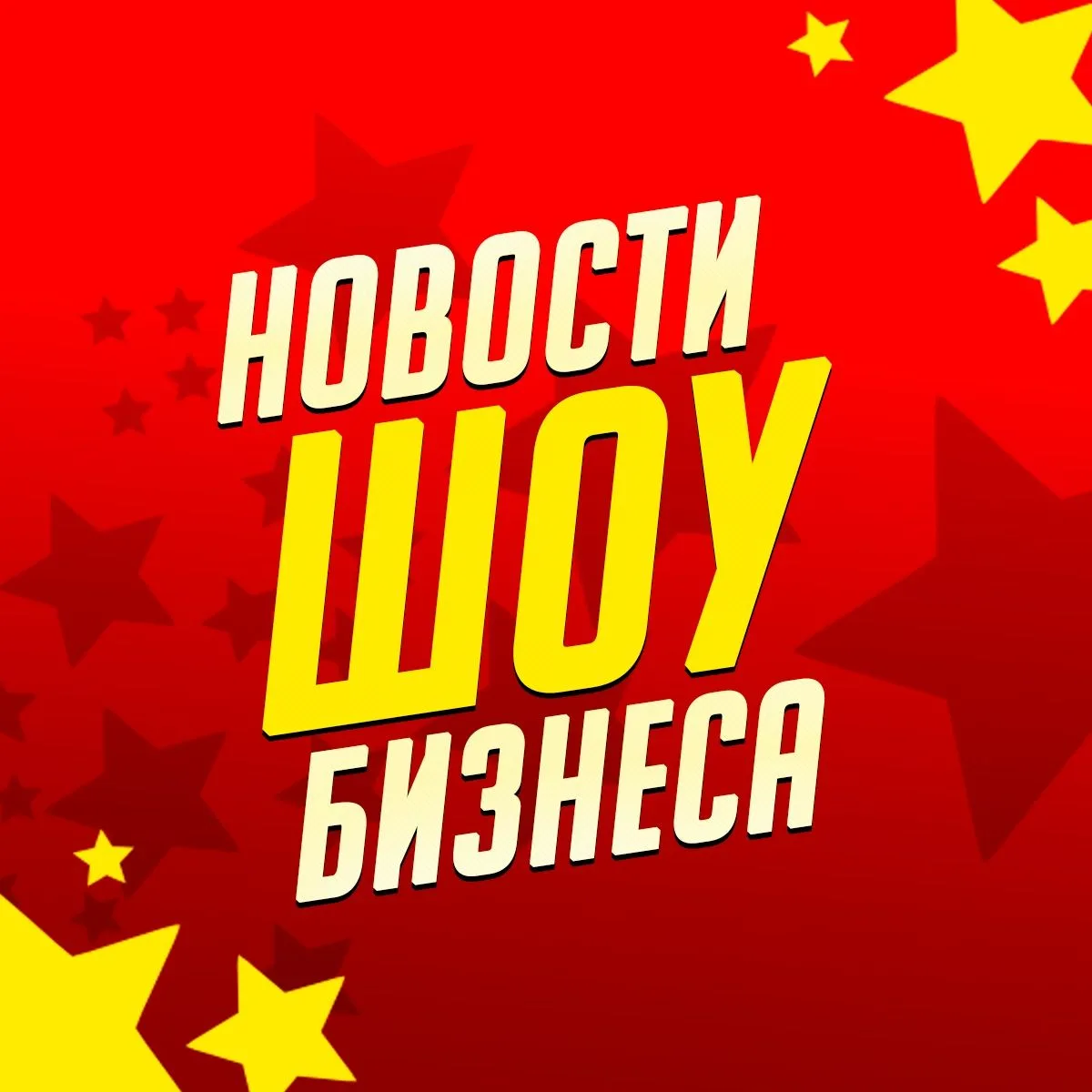 Иконка Канал Новости Шоу Бизнеса | Звёзды | Сплетни — портал Max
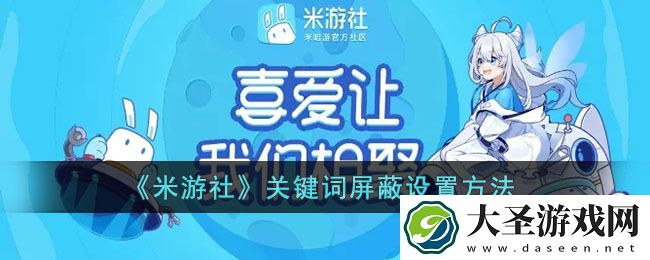 米游社怎么屏蔽关键词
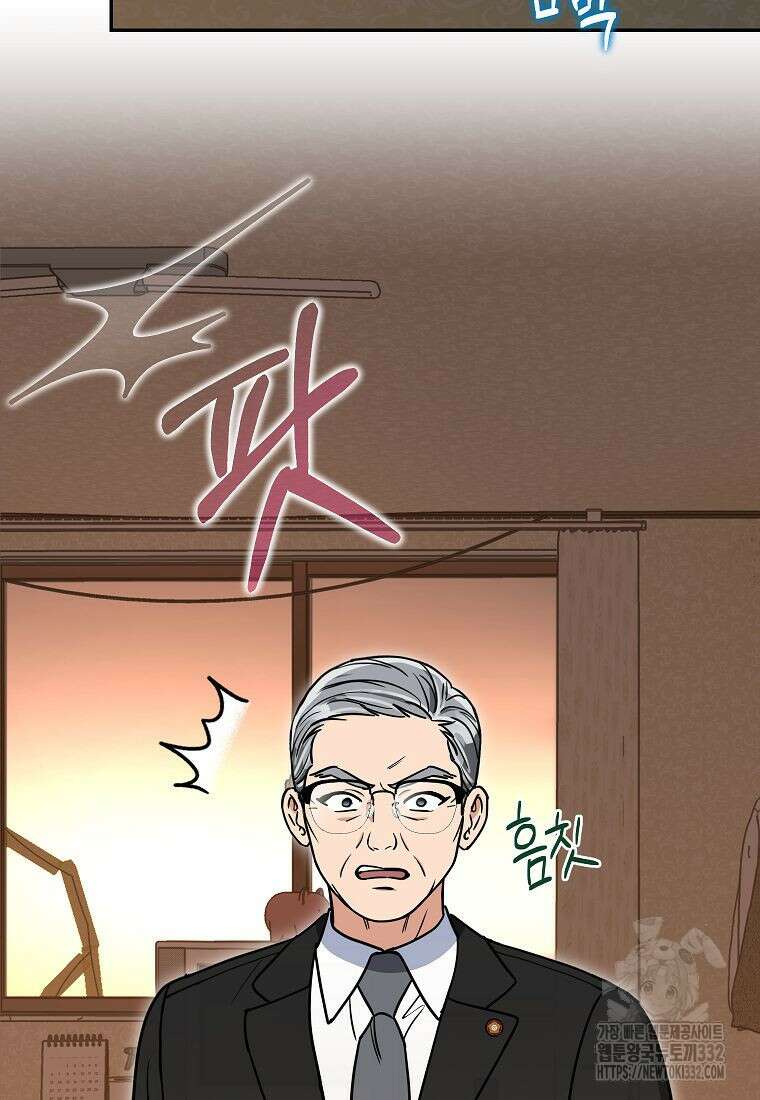 의원님이 보우하사 4화 23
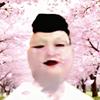 笑川饭太郎头像
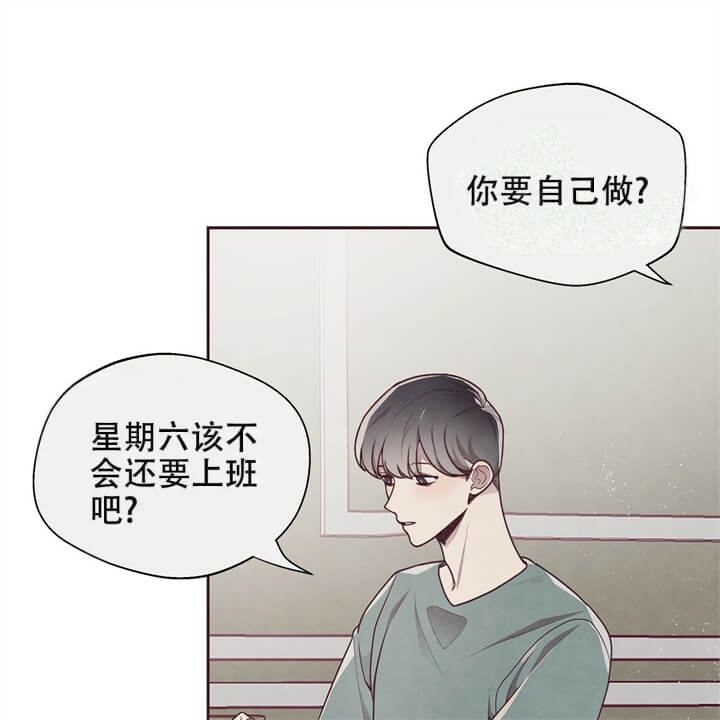 《命运的指环》第14话 第37页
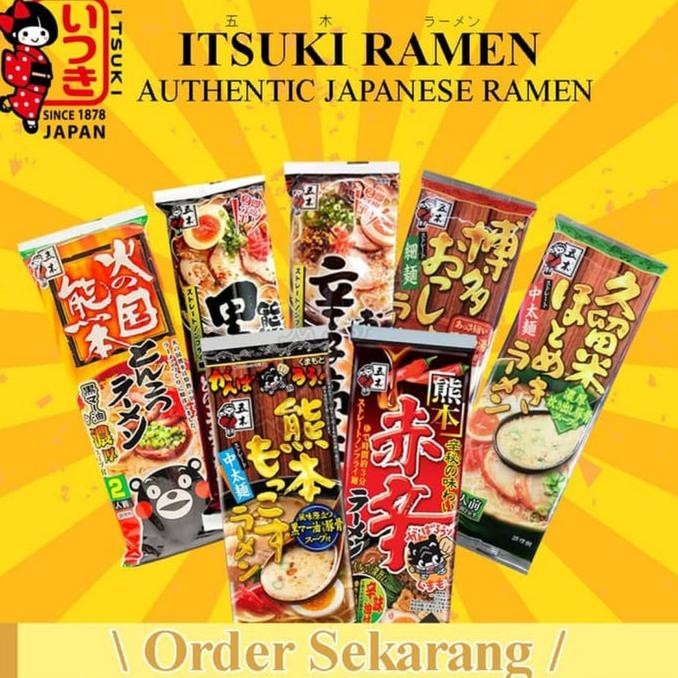 

Itsuki Spicy Kumamoto Mokkosu Ramen Noodle Pork Instant Premium Jepang ES77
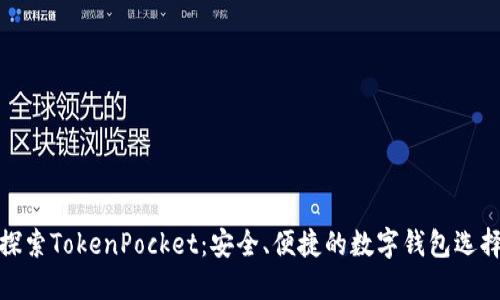 探索TokenPocket：安全、便捷的数字钱包选择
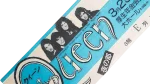 1976 Queen Concert Replica Ticket - Image 5
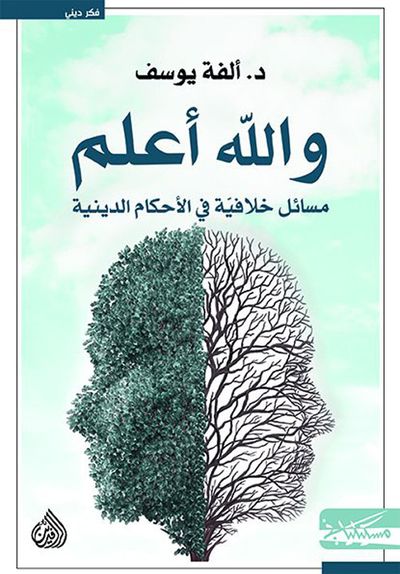 غلاف كتاب والله أعلم : مسائل خلافية في الأحكام الدينية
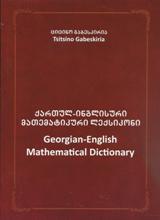 ლექსიკონი - გაბესკირია ციცინო - ქართულ-ინგლისური მათემატიკური ლექსიკონი / Georgian-English Mathematical Dictionary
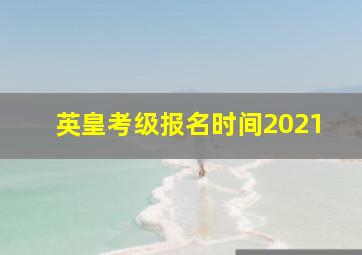 英皇考级报名时间2021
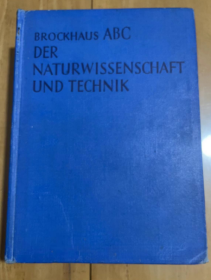 1959年  自然科学和技术  精装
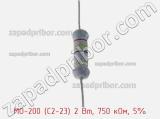 Резистор металлооксидный MO-200 (С2-23) 2 Вт, 750 кОм, 5% фотография 2.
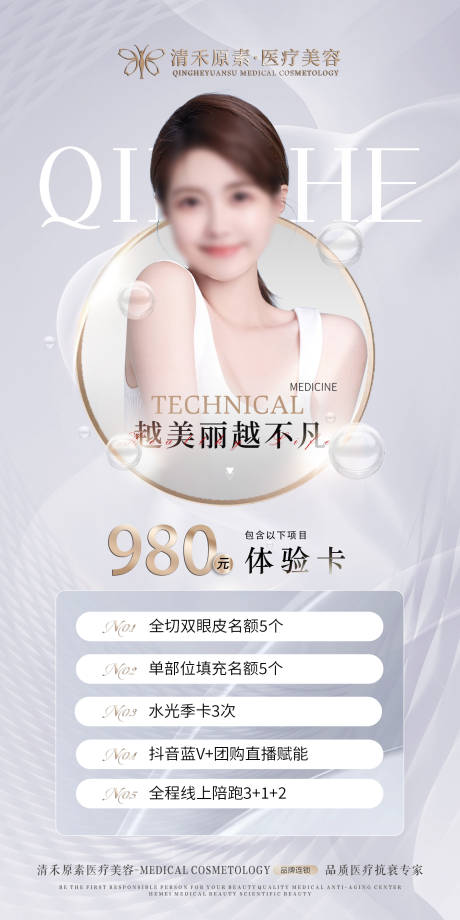 源文件下载【医美项目海报】编号：61830018433895469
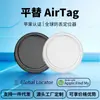 Fábrica de Origen Sistema Dual Android iOS Dispositivo Antirrobo Global Mfi Rastreador Antirrobo Localizador Findmy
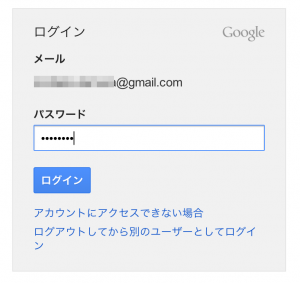Gメール セキュリティ強化 認証方法設定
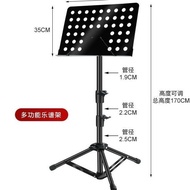 H-Y/ Music Stand Foldable Portable Song Sheet Shelf Panel Display Stand Ukulele Music Rack Musical Instrument StanduType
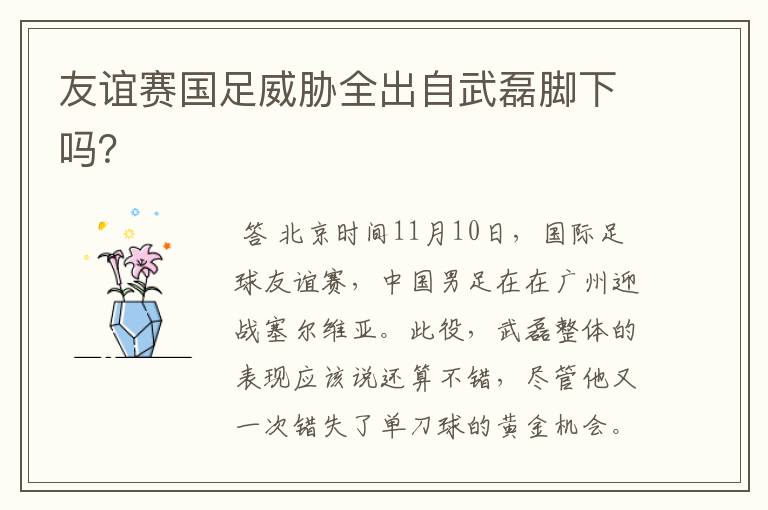 友谊赛国足威胁全出自武磊脚下吗?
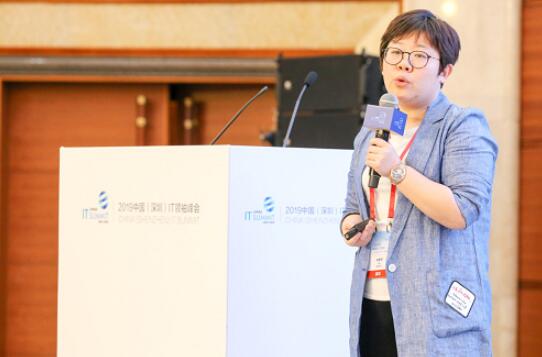易观孙梦子:数字化变革待掘金矿,易观方舟助力企业数字化精细运营
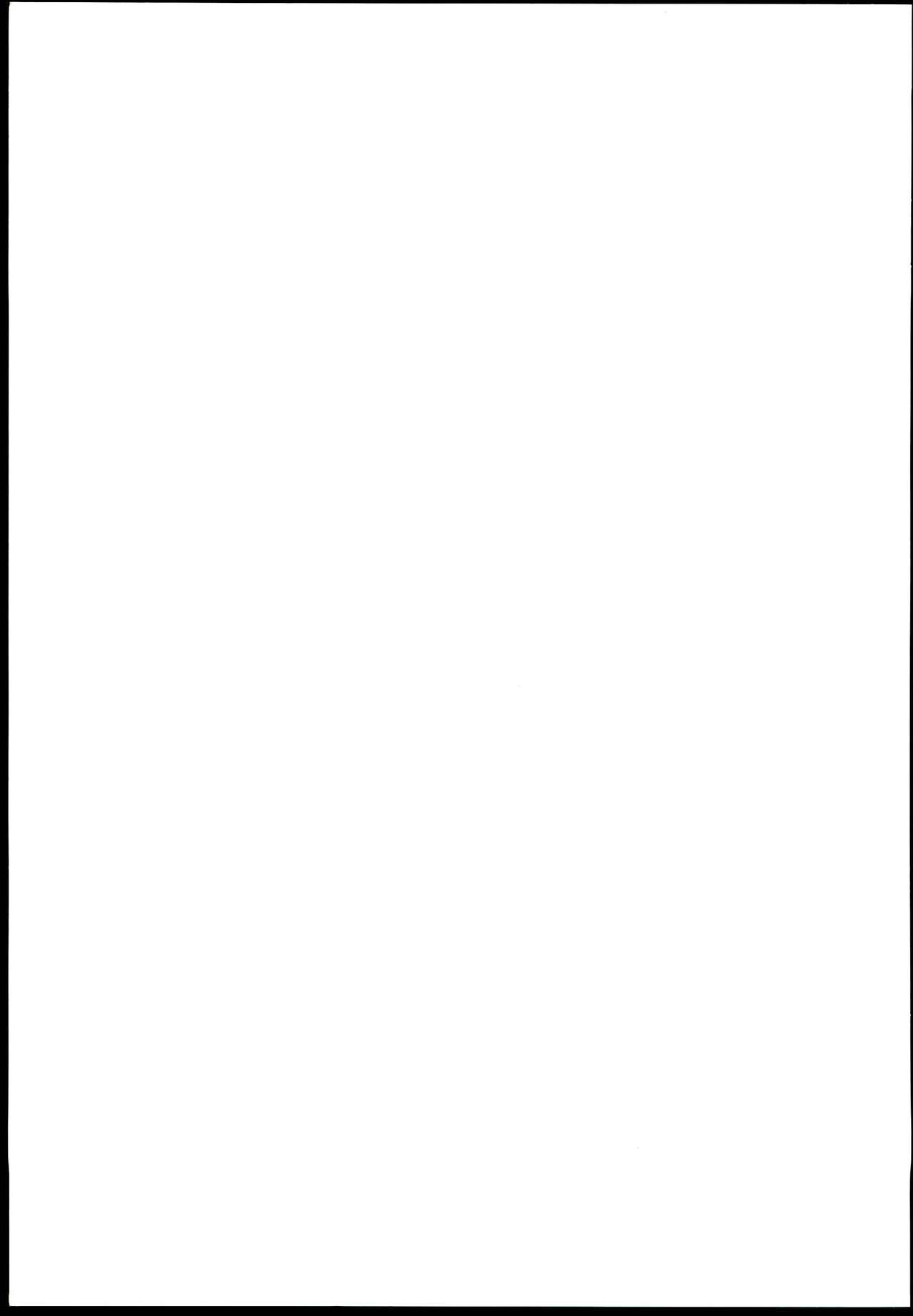 Koukishin to Syuchisin - Page 31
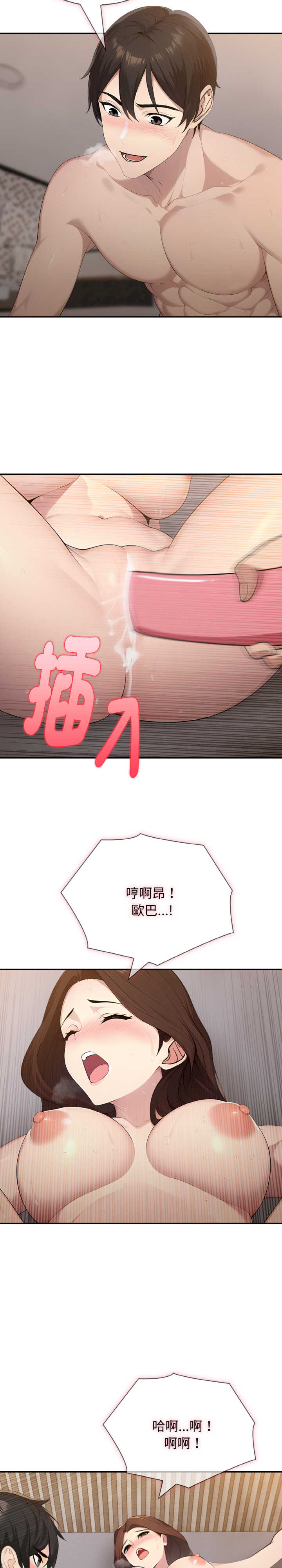 朋友姐姐的计谋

______

__EXERCISE AIM__
In the data above, find the line containing "友谊赛国足威胁全出自武磊脚下吗?"; from there, please write out each line through the end, exactly, with the pictures omitted.

__WORKED SOLUTION__
 友谊赛国足威胁全出自武磊脚下吗?
易观孙梦子:数字化变革待掘金矿,易观方舟助力企业数字化精细运营
 Koukishin to Syuchisin - Page 31
 朋友姐姐的计谋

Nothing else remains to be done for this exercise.